Extract and Mask Sensitive Data¶
Safely process logs containing PII, credentials, and sensitive information using masking, pseudonymization, and redaction techniques.
Problem¶
Your logs contain sensitive data like IP addresses, emails, credit card numbers, or personally identifiable information (PII). You need to analyze the logs while protecting sensitive information or comply with privacy regulations.
Solutions¶
Mask IP Addresses¶
Mask IP addresses to protect privacy while maintaining network analysis capabilities:
# Mask last octet (default)
kelora -j app.log \
-e 'e.client_ip = e.client_ip.mask_ip()'
# Mask last 2 octets for stronger anonymization
kelora -j app.log \
-e 'e.client_ip = e.client_ip.mask_ip(2)'
# Mask last 3 octets
kelora -j app.log \
-e 'e.client_ip = e.client_ip.mask_ip(3)'
Results:
192.168.1.100
withmask_ip(1)
becomes192.168.1.0
192.168.1.100
withmask_ip(2)
becomes192.168.0.0
192.168.1.100
withmask_ip(3)
becomes192.0.0.0
Generate Pseudonyms¶
Create consistent pseudonyms using domain separation (requires KELORA_SECRET
environment variable):
# Set secret for pseudonymization
export KELORA_SECRET="your-secret-key-here"

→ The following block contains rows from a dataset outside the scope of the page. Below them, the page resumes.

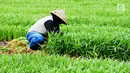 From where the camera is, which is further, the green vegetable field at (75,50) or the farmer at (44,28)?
the farmer at (44,28)

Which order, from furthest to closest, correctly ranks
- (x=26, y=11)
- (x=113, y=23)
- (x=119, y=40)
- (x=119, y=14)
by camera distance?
(x=26, y=11) → (x=119, y=14) → (x=113, y=23) → (x=119, y=40)

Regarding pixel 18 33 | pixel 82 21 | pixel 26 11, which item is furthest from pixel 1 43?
pixel 26 11

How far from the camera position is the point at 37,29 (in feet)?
22.1

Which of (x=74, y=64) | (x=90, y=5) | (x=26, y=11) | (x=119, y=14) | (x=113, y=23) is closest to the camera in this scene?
(x=74, y=64)

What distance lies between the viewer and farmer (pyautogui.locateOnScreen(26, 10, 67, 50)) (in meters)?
6.41

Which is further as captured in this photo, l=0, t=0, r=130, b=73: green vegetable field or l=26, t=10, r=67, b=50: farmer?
l=26, t=10, r=67, b=50: farmer

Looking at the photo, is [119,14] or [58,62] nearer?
[58,62]

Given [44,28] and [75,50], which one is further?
[44,28]

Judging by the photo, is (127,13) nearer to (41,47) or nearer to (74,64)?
(41,47)

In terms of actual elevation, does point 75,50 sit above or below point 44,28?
below

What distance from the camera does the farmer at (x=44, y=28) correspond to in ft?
21.0

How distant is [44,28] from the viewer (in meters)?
6.71

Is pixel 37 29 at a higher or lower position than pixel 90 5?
higher

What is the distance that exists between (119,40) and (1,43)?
8.73 ft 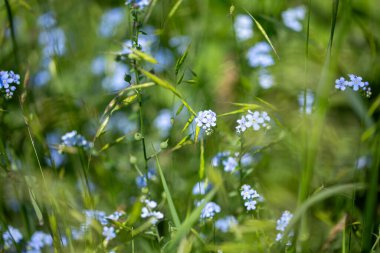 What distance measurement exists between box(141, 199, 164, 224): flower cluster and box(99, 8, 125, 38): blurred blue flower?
5.29ft

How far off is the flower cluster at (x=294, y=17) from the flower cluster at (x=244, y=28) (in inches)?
7.5

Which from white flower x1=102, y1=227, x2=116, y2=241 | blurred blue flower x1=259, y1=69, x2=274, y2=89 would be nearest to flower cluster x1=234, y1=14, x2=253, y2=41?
blurred blue flower x1=259, y1=69, x2=274, y2=89

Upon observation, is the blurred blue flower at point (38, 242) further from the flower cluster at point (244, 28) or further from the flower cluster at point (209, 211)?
the flower cluster at point (244, 28)

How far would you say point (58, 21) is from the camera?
10.3 ft

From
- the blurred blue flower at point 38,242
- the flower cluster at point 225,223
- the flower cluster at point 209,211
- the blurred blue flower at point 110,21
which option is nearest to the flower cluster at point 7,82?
the blurred blue flower at point 38,242

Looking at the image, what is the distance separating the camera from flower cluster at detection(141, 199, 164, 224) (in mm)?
1783

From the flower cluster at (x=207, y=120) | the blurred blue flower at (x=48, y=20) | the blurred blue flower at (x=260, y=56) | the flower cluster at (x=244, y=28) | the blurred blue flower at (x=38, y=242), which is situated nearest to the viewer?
the flower cluster at (x=207, y=120)

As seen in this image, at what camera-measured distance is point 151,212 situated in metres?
1.83

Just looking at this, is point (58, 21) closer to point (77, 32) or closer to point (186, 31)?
point (77, 32)

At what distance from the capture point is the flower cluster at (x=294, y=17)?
299 cm

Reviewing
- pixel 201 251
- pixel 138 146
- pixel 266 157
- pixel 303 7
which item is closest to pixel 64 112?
pixel 138 146

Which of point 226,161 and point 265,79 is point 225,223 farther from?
point 265,79

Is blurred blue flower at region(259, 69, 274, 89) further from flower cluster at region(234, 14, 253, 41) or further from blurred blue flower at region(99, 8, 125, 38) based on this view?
blurred blue flower at region(99, 8, 125, 38)

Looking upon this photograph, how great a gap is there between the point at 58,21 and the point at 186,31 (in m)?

# Pseudonymize user emails
kelora -j users.log \
-e 'e.user_pseudo = pseudonym(e.email, "users")' \
-e 'e.email = ()'
# Pseudonymize with different domains
kelora -j app.log \
-e 'e.user_id = pseudonym(e.user_email, "users")' \
-e 'e.session_id = pseudonym(e.session_token, "sessions")' \
-e 'e.user_email = ()' \
-e 'e.session_token = ()'
Benefits:
- Same input always produces same pseudonym (consistency)
- Different domains produce different pseudonyms (separation)
- Cannot reverse back to original (one-way)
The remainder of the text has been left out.